Supplied data>
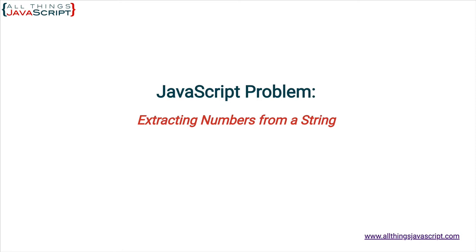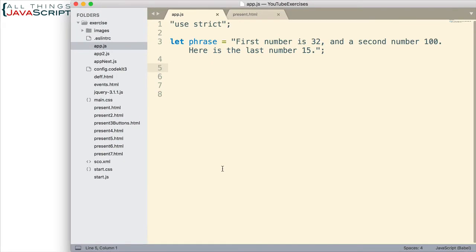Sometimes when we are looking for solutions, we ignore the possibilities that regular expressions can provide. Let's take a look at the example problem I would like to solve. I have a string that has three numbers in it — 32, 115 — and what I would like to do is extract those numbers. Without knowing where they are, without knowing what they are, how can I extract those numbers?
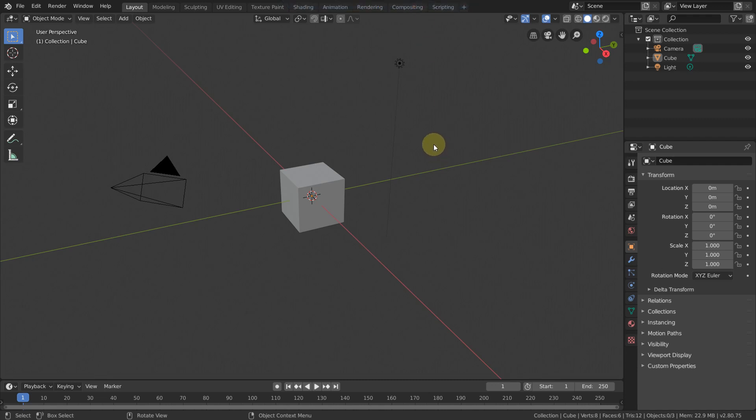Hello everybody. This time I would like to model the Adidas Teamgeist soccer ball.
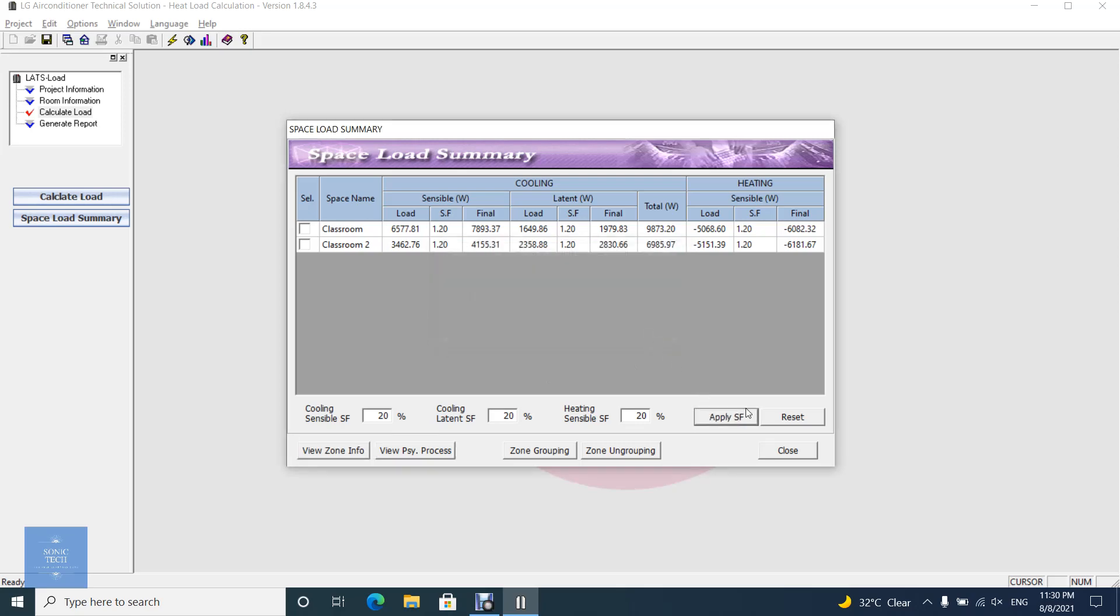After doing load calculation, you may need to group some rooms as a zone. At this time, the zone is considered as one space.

Exercise instructions>
From the first line to the last, retype the material exactly and exclude the pictures.

Written solution>
Sometimes when we are looking for solutions, we ignore the possibilities that regular expressions can provide. Let's take a look at the example problem I would like to solve. I have a string that has three numbers in it — 32, 115 — and what I would like to do is extract those numbers. Without knowing where they are, without knowing what they are, how can I extract those numbers?
Hello everybody. This time I would like to model the Adidas Teamgeist soccer ball.
After doing load calculation, you may need to group some rooms as a zone. At this time, the zone is considered as one space.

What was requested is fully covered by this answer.